Very good performance


----------



## Oskaar (Mar 17, 2011)

*Reich: Piano Phase*

*Tinnitus Piano Duo*

Facinating in a way. Monotiny can also be a good listening ezperiance, putting you in a certain mood or state.

youtube comments

*This is just SO awesome
Do NOT skip in this vid!!﻿

Thx, Mr Huisman for the upload. Great work!﻿

how could you NOT luv Steve Reich﻿*


----------



## Oskaar (Mar 17, 2011)

*CARMEN - GEORGES BIZET - 2010 ( VIENNA )*

*Cast
Carmen: Nadia Krasteva
Don José: Massimo Giordano
Micaela: Anna Netrebko
Escamillo: Ildebrando d'Arcangelo
Frasquita: Anita Hartig
Mercedes: Zoryana Kushpler
Zúñiga: Alexandru Moisiuc
Morales: Adrian Eröd
Remendado: Herwig Pecoraro
Dancaire: Tae Joong Yang

Conductor: Andris Nelsons
Chor und Orchester der Wiener Staatsoper*

Youtube comments

*The quality of the performance makes up for the uber 240p video quality

Eine der besten Darstellungen dieser schönen Oper. Ich liebe die Qualität der Leistung. Die Wiener Philharmoniker ein Beauty. Die Wiener Staatsoper ist die beste Firma der Welt betreibt. Herzlichen Glückwunsch!
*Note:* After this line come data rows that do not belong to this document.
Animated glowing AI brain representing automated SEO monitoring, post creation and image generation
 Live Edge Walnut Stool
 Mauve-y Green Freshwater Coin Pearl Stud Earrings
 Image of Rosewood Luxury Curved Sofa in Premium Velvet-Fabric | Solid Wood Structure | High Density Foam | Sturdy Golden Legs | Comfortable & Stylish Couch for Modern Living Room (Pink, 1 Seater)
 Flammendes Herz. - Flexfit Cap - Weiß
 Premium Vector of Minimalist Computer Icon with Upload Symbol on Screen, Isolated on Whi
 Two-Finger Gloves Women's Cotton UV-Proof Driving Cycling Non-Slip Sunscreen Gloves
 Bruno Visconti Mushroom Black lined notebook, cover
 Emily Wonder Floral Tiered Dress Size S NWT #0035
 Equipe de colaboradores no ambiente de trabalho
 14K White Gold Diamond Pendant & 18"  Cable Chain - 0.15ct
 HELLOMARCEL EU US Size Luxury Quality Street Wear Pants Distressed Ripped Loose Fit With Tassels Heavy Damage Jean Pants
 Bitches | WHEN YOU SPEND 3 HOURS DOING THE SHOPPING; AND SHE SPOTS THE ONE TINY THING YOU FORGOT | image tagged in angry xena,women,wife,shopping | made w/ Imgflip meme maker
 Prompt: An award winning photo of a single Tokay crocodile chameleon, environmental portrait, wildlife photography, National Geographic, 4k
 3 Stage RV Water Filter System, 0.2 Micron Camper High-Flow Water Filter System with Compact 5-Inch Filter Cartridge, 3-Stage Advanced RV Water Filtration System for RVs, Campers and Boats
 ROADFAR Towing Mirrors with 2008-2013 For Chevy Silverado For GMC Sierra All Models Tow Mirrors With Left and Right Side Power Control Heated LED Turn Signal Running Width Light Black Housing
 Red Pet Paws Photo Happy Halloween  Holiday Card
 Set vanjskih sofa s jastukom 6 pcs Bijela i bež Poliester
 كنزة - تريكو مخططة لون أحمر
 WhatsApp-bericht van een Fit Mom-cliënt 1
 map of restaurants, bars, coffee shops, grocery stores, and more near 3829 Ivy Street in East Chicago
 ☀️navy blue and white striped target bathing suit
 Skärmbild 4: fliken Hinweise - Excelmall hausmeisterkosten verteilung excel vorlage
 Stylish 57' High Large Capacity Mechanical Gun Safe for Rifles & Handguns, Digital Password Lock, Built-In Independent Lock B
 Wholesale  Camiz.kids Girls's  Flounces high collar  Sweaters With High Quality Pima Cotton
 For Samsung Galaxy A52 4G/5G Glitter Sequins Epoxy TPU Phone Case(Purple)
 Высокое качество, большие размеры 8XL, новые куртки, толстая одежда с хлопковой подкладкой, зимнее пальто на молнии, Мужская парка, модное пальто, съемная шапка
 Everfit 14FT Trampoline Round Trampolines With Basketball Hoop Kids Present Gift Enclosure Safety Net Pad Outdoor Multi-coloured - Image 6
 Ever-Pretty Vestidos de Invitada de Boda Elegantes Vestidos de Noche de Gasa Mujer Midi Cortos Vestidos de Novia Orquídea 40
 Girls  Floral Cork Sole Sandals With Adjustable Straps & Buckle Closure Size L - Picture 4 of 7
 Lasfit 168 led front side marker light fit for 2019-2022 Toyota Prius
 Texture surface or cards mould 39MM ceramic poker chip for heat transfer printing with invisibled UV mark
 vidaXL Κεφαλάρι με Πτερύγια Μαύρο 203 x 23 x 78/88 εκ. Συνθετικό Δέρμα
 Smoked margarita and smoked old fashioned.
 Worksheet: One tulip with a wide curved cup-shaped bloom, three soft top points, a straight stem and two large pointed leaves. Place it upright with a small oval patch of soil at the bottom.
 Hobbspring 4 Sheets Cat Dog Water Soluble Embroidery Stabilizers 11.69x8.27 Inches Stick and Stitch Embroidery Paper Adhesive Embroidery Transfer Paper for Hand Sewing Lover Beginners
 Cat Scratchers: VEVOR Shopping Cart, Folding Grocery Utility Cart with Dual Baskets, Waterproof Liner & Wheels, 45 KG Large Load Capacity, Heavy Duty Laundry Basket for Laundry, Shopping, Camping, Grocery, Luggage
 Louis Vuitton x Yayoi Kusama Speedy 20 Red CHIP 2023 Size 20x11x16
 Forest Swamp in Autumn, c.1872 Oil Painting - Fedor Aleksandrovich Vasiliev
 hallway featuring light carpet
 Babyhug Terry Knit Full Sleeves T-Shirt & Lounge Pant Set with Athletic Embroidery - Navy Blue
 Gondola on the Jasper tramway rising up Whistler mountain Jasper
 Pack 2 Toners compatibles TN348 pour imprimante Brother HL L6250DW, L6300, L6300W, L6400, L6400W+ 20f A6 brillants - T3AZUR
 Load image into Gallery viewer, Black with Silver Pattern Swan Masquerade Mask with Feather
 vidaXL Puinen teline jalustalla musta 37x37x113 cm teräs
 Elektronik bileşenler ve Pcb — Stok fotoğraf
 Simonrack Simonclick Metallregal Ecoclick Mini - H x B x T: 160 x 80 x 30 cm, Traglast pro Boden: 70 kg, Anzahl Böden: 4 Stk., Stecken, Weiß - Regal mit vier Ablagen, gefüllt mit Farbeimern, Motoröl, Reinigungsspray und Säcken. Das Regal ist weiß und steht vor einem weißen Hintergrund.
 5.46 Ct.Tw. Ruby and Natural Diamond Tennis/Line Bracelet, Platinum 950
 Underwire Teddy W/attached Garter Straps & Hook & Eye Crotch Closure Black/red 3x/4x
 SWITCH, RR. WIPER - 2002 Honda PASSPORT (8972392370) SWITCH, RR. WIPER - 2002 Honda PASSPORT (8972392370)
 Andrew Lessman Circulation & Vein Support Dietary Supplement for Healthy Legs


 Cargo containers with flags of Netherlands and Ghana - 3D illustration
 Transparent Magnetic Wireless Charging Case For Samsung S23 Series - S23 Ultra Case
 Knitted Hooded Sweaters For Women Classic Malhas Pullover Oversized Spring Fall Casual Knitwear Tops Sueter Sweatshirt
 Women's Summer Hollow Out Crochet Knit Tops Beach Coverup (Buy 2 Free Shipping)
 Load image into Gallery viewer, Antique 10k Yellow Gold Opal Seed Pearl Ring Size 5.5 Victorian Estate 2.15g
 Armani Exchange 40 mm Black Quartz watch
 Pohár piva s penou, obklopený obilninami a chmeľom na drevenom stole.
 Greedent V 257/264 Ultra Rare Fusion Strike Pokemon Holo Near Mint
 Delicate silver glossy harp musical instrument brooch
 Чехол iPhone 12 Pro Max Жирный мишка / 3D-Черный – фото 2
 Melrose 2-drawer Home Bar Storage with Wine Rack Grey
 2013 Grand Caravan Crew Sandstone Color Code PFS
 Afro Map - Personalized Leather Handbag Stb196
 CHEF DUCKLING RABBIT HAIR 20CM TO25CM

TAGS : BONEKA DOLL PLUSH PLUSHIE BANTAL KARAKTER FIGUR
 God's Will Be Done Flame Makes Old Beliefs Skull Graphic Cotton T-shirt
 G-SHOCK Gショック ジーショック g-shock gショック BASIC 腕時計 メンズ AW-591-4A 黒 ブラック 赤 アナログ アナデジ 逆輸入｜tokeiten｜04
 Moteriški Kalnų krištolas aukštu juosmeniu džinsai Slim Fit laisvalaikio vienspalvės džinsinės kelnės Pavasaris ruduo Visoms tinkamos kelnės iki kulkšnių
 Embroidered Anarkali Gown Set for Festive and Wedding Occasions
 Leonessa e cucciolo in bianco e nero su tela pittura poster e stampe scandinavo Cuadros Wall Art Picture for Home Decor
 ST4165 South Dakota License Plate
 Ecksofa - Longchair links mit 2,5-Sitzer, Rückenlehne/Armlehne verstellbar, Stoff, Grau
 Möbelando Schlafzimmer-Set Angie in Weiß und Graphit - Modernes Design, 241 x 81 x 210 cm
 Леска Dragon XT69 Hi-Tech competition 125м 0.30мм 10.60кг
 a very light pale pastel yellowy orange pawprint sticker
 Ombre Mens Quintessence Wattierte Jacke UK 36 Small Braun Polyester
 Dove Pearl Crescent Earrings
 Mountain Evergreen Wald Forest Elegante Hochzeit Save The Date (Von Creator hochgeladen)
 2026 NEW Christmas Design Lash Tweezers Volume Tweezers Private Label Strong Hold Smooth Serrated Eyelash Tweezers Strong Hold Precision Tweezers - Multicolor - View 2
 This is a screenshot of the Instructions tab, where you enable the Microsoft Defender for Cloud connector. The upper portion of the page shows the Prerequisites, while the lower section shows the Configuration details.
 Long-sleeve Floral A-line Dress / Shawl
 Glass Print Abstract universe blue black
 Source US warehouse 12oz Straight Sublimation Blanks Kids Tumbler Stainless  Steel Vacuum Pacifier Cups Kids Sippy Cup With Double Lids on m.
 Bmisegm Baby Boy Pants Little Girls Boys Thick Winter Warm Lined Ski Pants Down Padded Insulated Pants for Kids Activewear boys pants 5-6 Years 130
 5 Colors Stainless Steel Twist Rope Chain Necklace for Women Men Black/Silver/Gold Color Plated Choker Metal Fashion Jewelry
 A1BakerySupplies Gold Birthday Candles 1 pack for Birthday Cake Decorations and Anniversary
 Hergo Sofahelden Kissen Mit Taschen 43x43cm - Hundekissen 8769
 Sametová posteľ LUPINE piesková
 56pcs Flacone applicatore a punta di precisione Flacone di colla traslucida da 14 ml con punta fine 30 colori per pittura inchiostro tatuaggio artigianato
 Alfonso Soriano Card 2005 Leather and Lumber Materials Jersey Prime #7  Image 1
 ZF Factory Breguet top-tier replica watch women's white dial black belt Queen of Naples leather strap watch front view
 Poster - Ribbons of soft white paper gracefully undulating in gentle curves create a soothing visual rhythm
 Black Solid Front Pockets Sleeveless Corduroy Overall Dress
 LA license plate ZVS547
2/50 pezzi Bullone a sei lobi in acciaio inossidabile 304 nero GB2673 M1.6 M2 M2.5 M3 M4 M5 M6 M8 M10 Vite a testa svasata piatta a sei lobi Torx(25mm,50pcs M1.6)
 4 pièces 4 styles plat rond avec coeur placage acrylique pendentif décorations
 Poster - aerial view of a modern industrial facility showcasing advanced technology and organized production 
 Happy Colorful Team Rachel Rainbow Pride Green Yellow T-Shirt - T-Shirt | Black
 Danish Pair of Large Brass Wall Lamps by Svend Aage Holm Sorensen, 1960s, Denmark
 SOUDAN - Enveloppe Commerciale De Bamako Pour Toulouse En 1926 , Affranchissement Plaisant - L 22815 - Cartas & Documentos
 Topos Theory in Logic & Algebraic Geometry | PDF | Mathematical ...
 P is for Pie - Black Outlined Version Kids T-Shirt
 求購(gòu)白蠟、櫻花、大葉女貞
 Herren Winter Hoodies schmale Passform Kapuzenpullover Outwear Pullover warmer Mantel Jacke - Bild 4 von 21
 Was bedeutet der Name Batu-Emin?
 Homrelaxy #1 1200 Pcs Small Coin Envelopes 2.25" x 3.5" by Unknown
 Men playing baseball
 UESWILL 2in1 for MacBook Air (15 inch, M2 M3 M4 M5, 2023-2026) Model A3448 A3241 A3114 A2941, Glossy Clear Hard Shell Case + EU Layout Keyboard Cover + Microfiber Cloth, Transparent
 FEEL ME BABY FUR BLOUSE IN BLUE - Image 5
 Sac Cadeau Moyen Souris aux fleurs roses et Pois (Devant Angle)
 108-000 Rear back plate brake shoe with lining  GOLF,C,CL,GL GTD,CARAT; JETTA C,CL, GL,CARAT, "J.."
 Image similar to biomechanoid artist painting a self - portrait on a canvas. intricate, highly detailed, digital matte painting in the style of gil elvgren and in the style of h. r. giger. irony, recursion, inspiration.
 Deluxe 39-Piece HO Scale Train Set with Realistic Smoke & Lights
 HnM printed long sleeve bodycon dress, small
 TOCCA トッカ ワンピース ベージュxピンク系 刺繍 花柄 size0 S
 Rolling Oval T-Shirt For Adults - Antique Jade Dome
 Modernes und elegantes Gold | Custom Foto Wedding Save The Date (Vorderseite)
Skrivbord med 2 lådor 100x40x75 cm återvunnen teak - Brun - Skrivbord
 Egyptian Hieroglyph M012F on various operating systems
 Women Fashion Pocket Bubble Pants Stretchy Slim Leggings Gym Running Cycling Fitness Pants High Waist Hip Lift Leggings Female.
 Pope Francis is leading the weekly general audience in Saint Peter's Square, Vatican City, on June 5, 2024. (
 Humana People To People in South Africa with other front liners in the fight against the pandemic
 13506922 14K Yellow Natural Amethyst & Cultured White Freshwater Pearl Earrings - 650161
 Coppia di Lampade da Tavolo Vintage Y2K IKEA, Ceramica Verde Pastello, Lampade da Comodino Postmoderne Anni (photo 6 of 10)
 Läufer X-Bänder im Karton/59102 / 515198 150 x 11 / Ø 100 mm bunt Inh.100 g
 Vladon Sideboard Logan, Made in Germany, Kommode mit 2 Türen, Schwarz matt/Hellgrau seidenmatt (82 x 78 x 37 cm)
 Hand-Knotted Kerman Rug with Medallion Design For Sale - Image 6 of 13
Grüße aus Mexiko!﻿*


----------



## Oskaar (Mar 17, 2011)

*Schubert - Symphony No 9 in C major, D 944 - Muti*

Franz Schubert
Symphony No 9 in C major, D 944, 'The Great'

1 Andante - Allegro ma non troppo
2 Andante con moto
3 Scherzo. Allegro vivace - Trio
4 Finale. Allegro vivace

Vienna Philharmonic Orchestra
Riccardo Muti, conductor

First time I hear this symphony I think (I have a very short musical memory) and I really like it. Many delightfully short passages, and very varied.
Super performance, and sound and picture is good


----------



## Oskaar (Mar 17, 2011)

*Riccardo Muti "Overture" La Forza del Destino*

*Overture to La Forza del Destino
by Giuseppe Verdi
Philadelphia Orchestra
Riccardo Muti, conductor
Frankfurt, Alte Oper 1987*

Lovely!!!

youtube comments

*Superbo Maestro Muti!﻿*


----------